##### Records shown

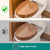 Toilet Seat, Oak Wood, Solid Wood, High Gloss Finish, PIKLiDS (Elongated)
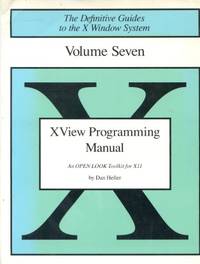 XView Programming Manual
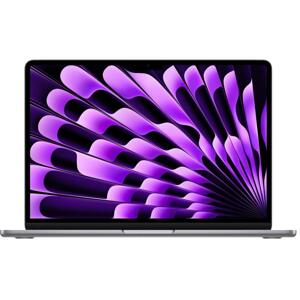 Apple MacBook Air 13" Apple M3 8C CPU 8C GPU 8GB 256GB Kozmický sivý SK MRXN3SL/A - 13" Notebook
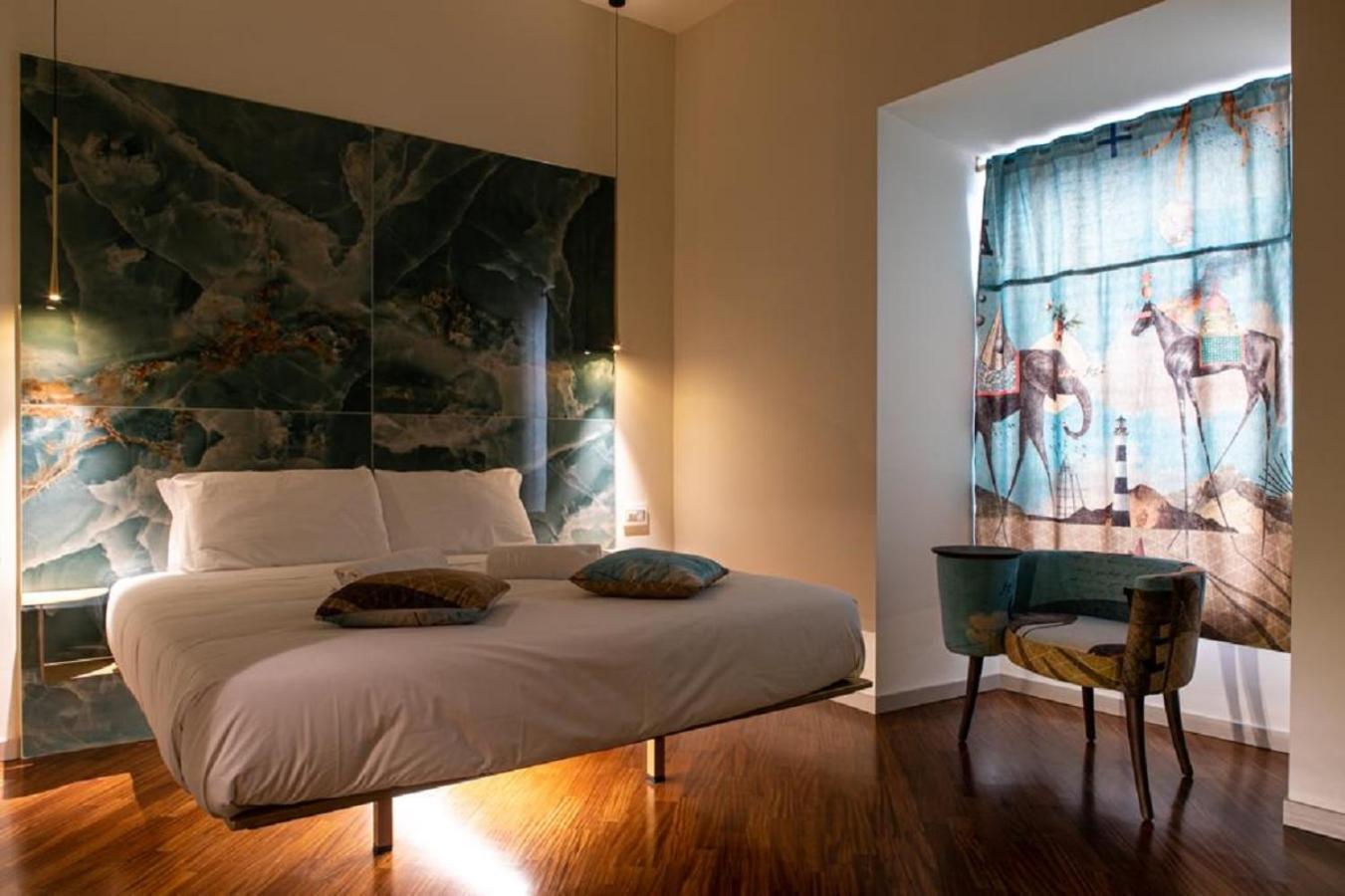 Hotel Bhr Cavour 150 Rom Exterior foto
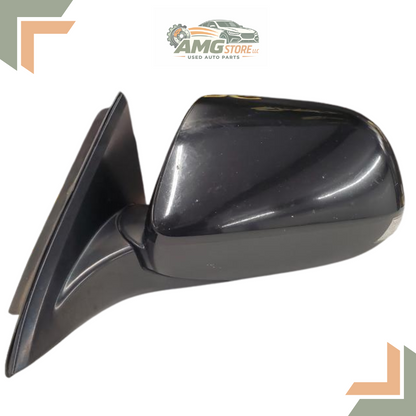 2009–2014 Acura TSX LH Driver Side View Door Mirror Heated Assembly OEM — view 2
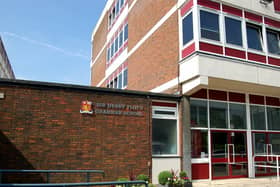 The money will fund heating upgrades following the schools successful Condition Improvement Fund bid.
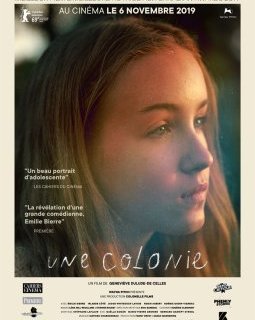 Une colonie - la critique du film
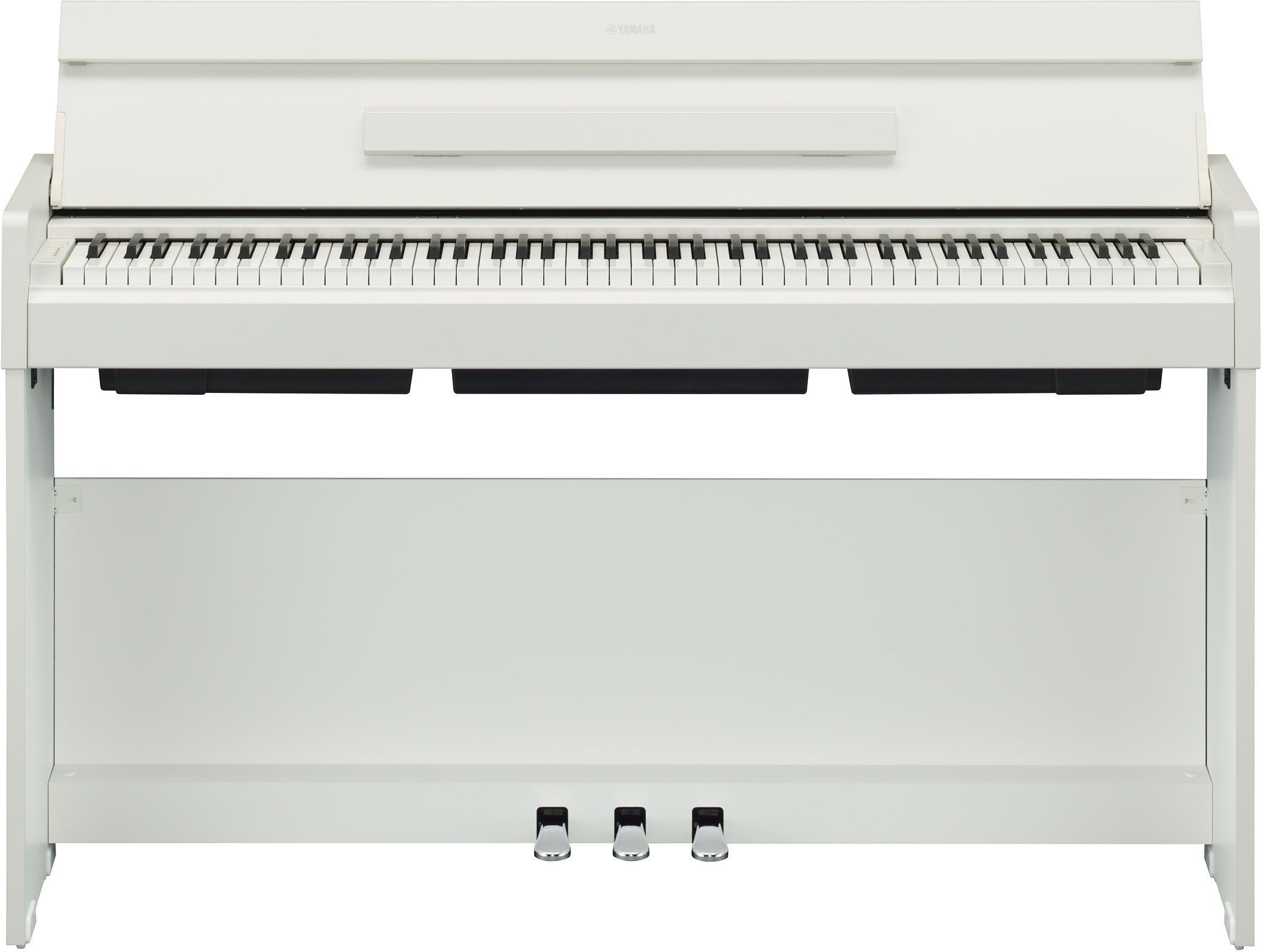 Yamaha Digitalpiano Arius YDP-S35WH, mit drei Pedalen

##########

# [Work task]
Copy every record above exactly, leaving out the pictures.

# [Output for this task]
 Toilet Seat, Oak Wood, Solid Wood, High Gloss Finish, PIKLiDS (Elongated)
 XView Programming Manual
 Apple MacBook Air 13" Apple M3 8C CPU 8C GPU 8GB 256GB Kozmický sivý SK MRXN3SL/A - 13" Notebook
 Hotel Bhr Cavour 150 Rom Exterior foto
 2009–2014 Acura TSX LH Driver Side View Door Mirror Heated Assembly OEM — view 2
 The money will fund heating upgrades following the schools successful Condition Improvement Fund bid.
 Une colonie - la critique du film
 Yamaha Digitalpiano Arius YDP-S35WH, mit drei Pedalen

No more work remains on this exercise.